Two months from now, senior executives at Bank of America will prepare to select a new strategic positioning for the bank, one they desperately hope will burnish the company's tarnished image. But marketing experts say that unless its agencies come up with a silver-bullet strategy -- one that feels humble, honest and wholly unique for the financial-services industry -- the exercise could prove fruitless.
A briefing document circulated to agencies last month stated that BofA needs a strategic positioning that can serve as a "North Star" for all business and marketing decisions and convey that the bank is in the midst of a transformation.
Among the larger problems faced by all big consumer banks, Bank of America suffered a black eye over its attempt to levy ATM card surcharges to customers, and, in recent times, slipped from its longtime perch as the nation's largest bank to the No. 2 spot behind, JP Morgan Chase. Although the company's stock is beginning to recover after tanking to below $5 a share, it is still a long road ahead.
But the company feels it has come through the economic downturn stronger by shedding noncore assets, and wants consumers to know it via a campaign that creates buzz. The bank also desires a deeper sense of purpose, one that can withstand any potential dings to brand reputation.
BofA doesn't seem sure of exactly what it wants, but it's eager to find a new marketing direction fast.
The bank's agencies -- which include WPP's The Brand Union, Omnicom Group's BBDO and Interpublic Group of Cos.' Weber Shandwick and Hill Holliday, among others -- were alerted to the review in mid-January, and a slew of meetings have taken place in the past two weeks. Final presentations are set to be delivered in early April; that same month, BofA execs plan to commit to a new marketing direction.
According to Ad Age 's DataCenter, BofA is the 17th-largest marketer in the country with $1.55 billion in ad spending in the U.S. The company's rethink comes amid widespread mistrust of large financial organizations that manifested in the Occupy Wall Street movement.
One likely outcome of the review process will be BofA shedding its current "Bank of Opportunity" slogan, which was developed by BBDO. The tag was adopted a few years ago to replace the prior "Higher Standards" campaign, but it lost resonance amid a recession that tightened consumers' purse strings and crippled many small businesses across America.
"'Bank of Opportunity' doesn't work,'" said Tom Dougherty, CEO of Greensboro, N.C.-based branding company Stealing Share. What does it mean? It's a throwaway term."
Mr. Dougherty said the marketer has an opportunity to elevate its communications above its competitors. "The banking category is so bad that there is opportunity to rise. [Banks] want you to choose them because of convenient locations and ATMs and fair fees, and they have not come up with a reason to be," he said.
There's no doubt the new marketing strategy is of concern at the highest ranks within the company, as evidenced by the execs who'll be present in final meetings with agencies this spring.
Ad Age has learned that the group includes Claire Huang, who runs marketing globally Bank of America institutional business; Co-chief Operating Officers Tom Montag and David Darnell; Jim Mahoney, director of public policy; CMO Anne Finucane and the bank's top boss, CEO Brian Moynihan.

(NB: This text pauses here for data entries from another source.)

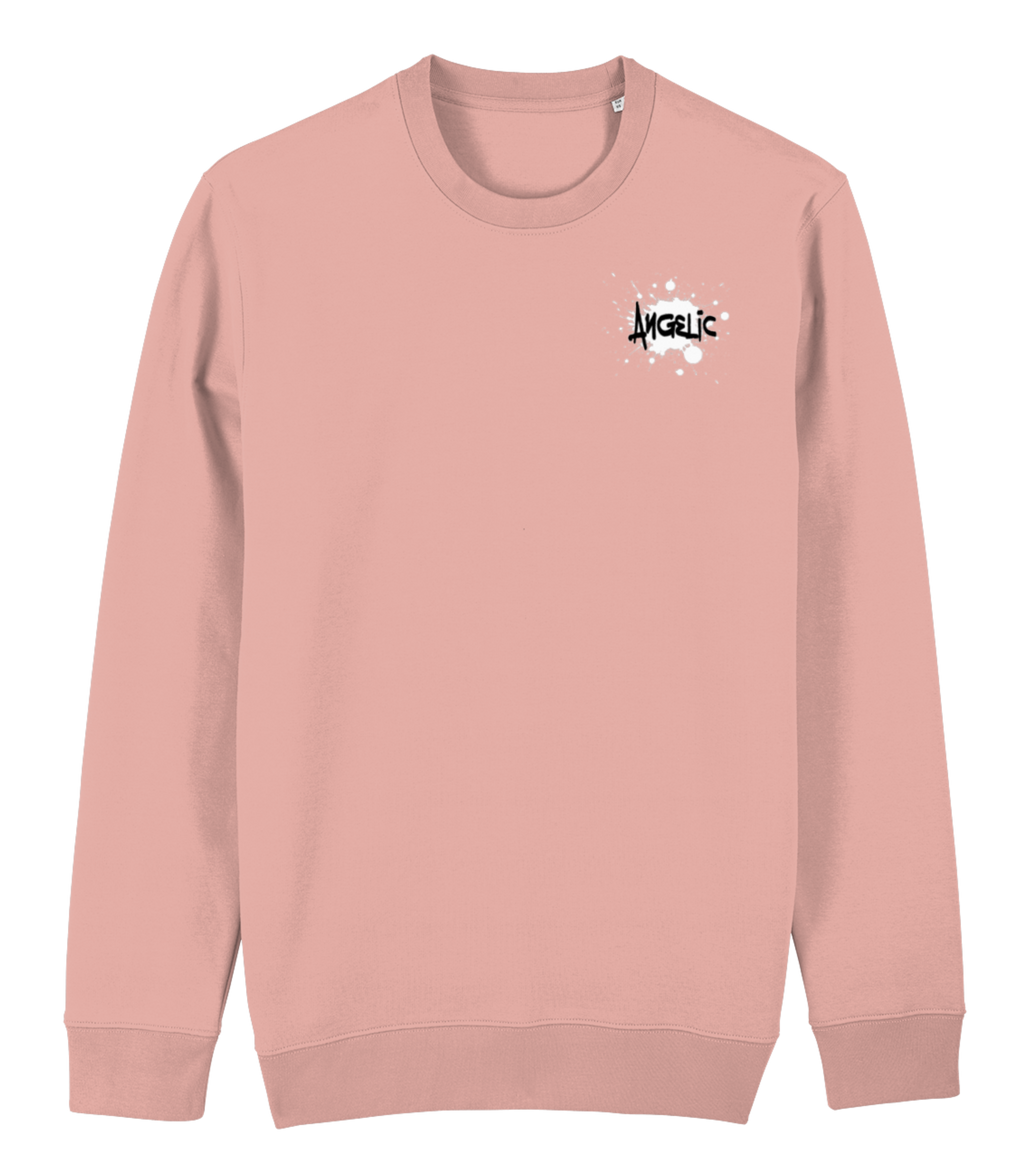 Angelic paint - white - Angelicthebrand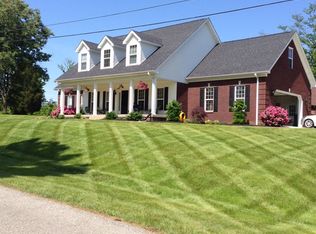233 River Cliff Blvd, Brandenburg, KY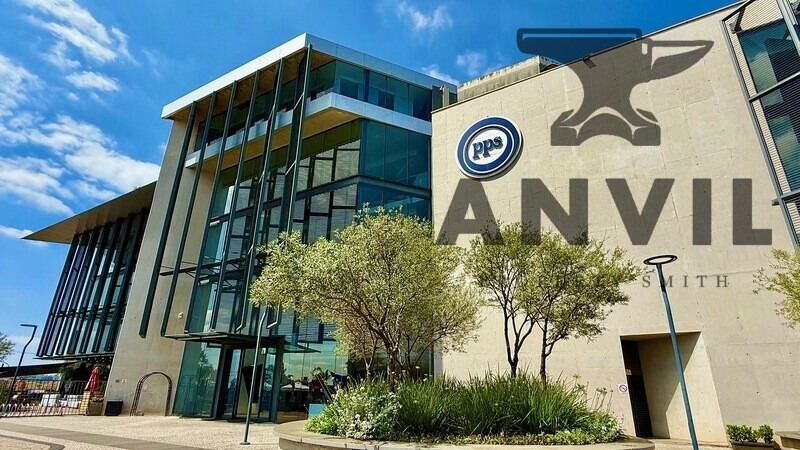 PPS Centurion Square, Centurion - SF Tenant 15 property image 16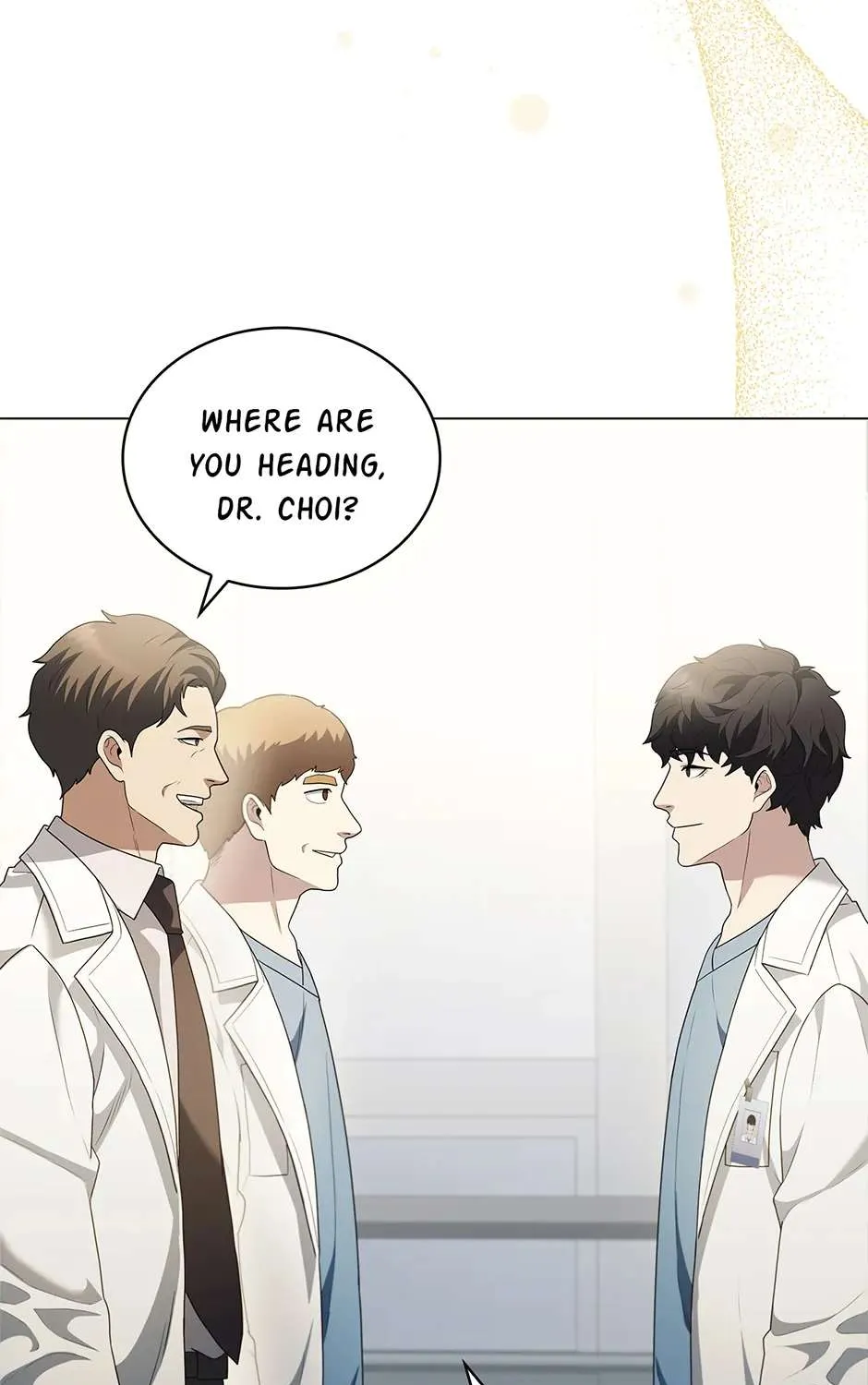 Read Dr. Choi Tae-Soo chapter 233 image 56 on Lezhin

A colorful profile of Ms. Finucane by The New York Times last month painted the 17-year vet of the company as a hobnobber among the Boston elite and a confidante of the CEO, whom he trusts for her "blunt" and "brutal" manner.

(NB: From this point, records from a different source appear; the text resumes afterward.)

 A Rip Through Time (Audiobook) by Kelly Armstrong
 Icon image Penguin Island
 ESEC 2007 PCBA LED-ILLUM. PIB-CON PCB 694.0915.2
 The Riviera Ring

It seems Ms. Finuccane will be the last one to take any mercy on the new marketing strategy that agencies pitch. She'll also have to ensure that the new strategy funnels down to internal communications and has an impact on all the actions the bank takes going forward, in order to prevent a move that is interpreted as solely a cosmetic fix that could do even more damage to the brand.
"They need to have realistic expectations about the rule that the marketing can play in changing public sentiment," said Jeff Stephens, CEO at Creative Brand Communications, a branding consultancy that focuses on banks and credit unions. After repairing ill will, he said, "the next challenge is getting people to give a damn about their brand because it's such a commodity."

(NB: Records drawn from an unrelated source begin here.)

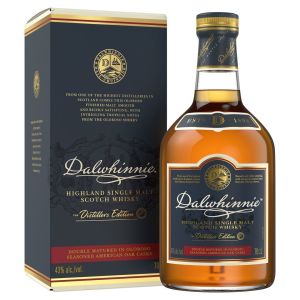Далуини Дистилърс Едишън 2022 / Dalwhinnie Distillers Edition 2022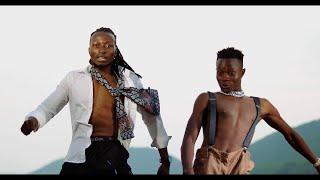 Jah Master ft Baba Harare - Love Ye Germany (Official Video)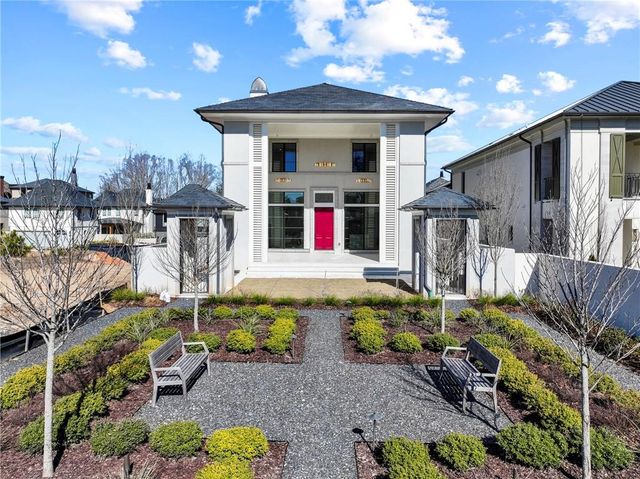 245 Roycroft Lane, Fayetteville, GA 30214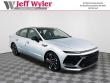 New 2025 Hyundai Sonata N Line Sedan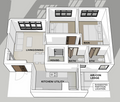 West Hill @ Bukit Batok 3-room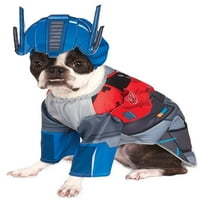Трансформатори Deluxe Optimus Pet Halloween костюм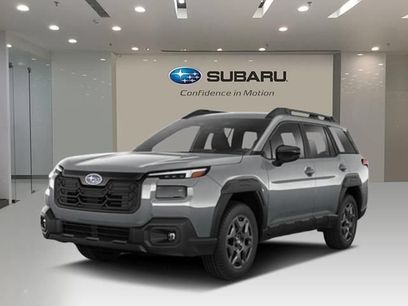 New 2026 Subaru Outback Limited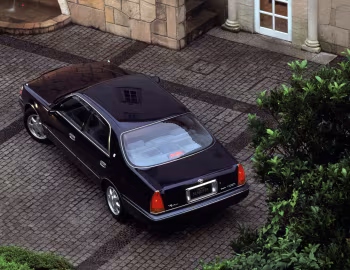 Toyota Crown Majesta C type i-Four [Japan] (E-UZS155) '08.1995–06.1997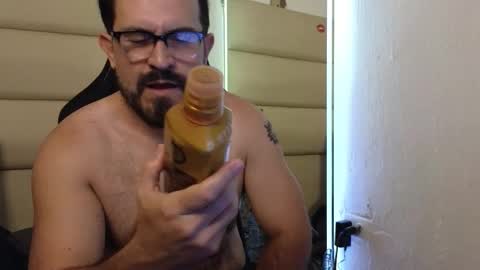 sebastian   muscleman  daddy   the better  latin  lover   online show from January 9, 2:42 pm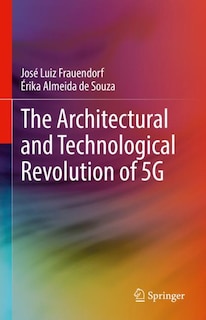 Couverture_The Architectural and Technological Revolution of 5G
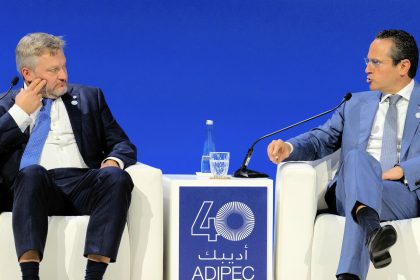 The UAE Opens Its Annual Oil-and-Gas Summit as Industry Weathers Mideast Wars and Awaits US Election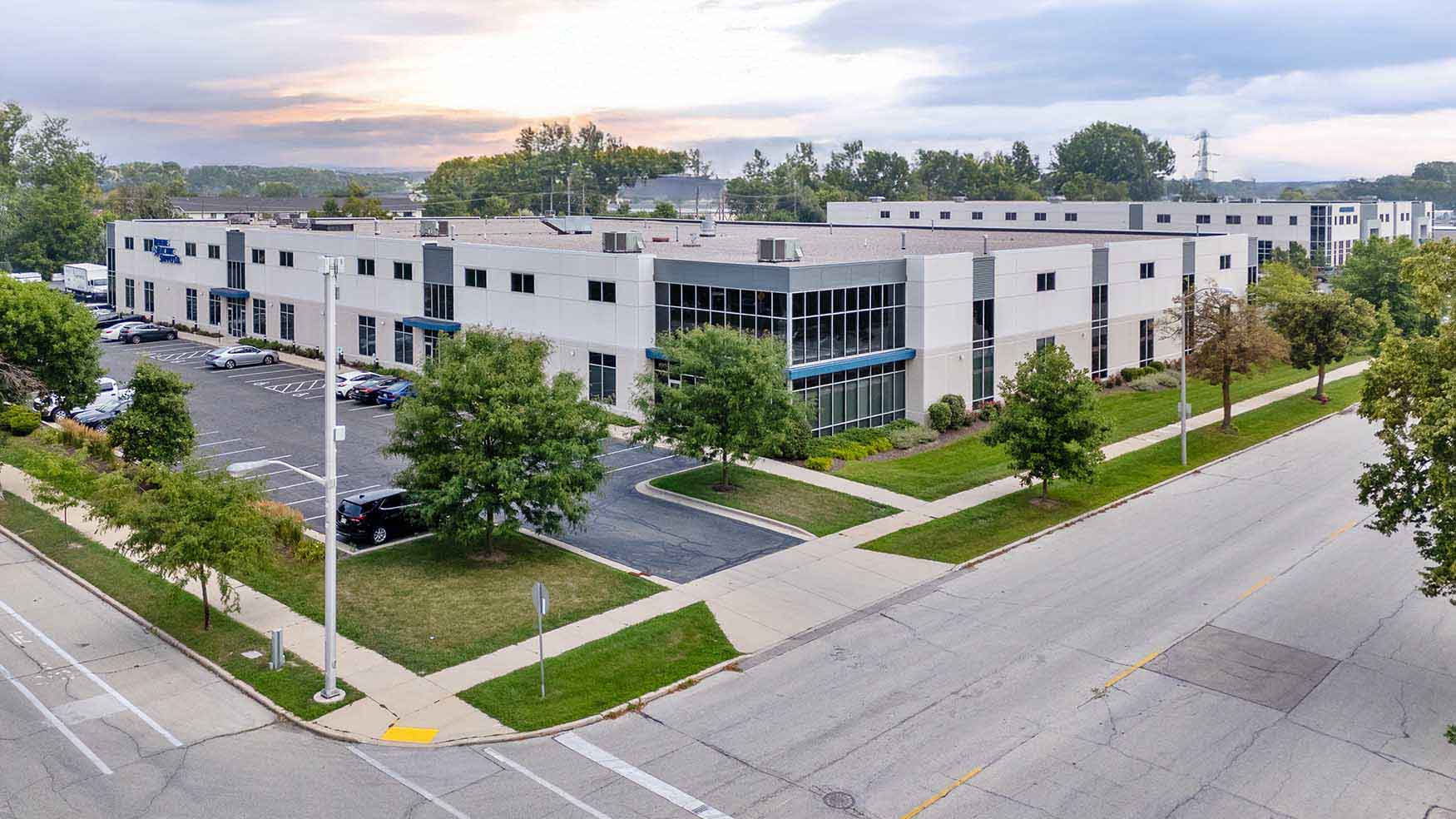 11528 W Rogers Street in West Allis, Wisconsin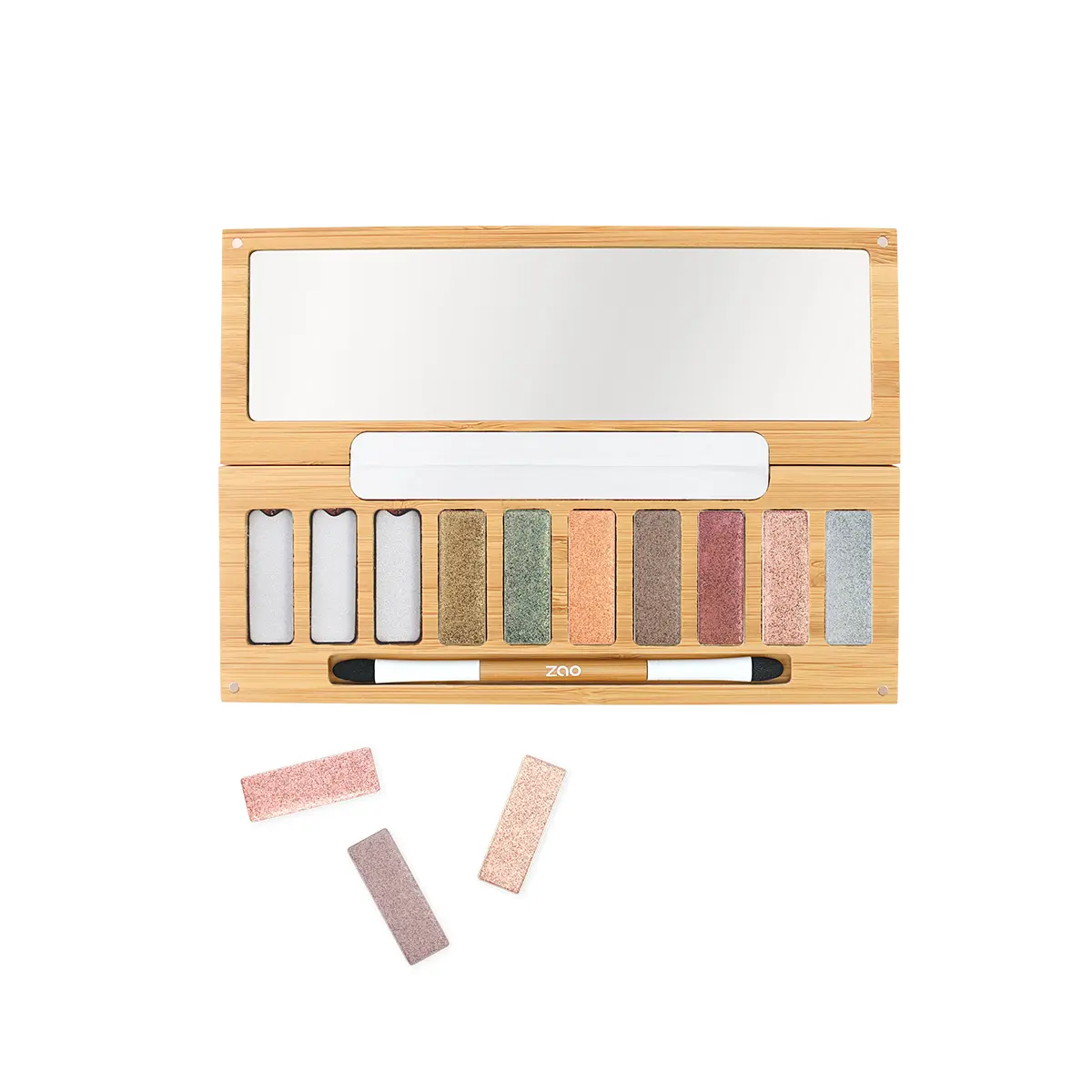 Paleta senki Ultra shiny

And talk is cheap. "Getting additional help from agencies might catalyze some ideas, but at the end of the day, any real progress is going to be made by showing the world what they're trying to do rather than through words and pictures," he said. "One thing bankers almost never do in my experience is look at other industries and say, 'What can we learn?' One of the best things the agencies could do is help them to open up their perspective."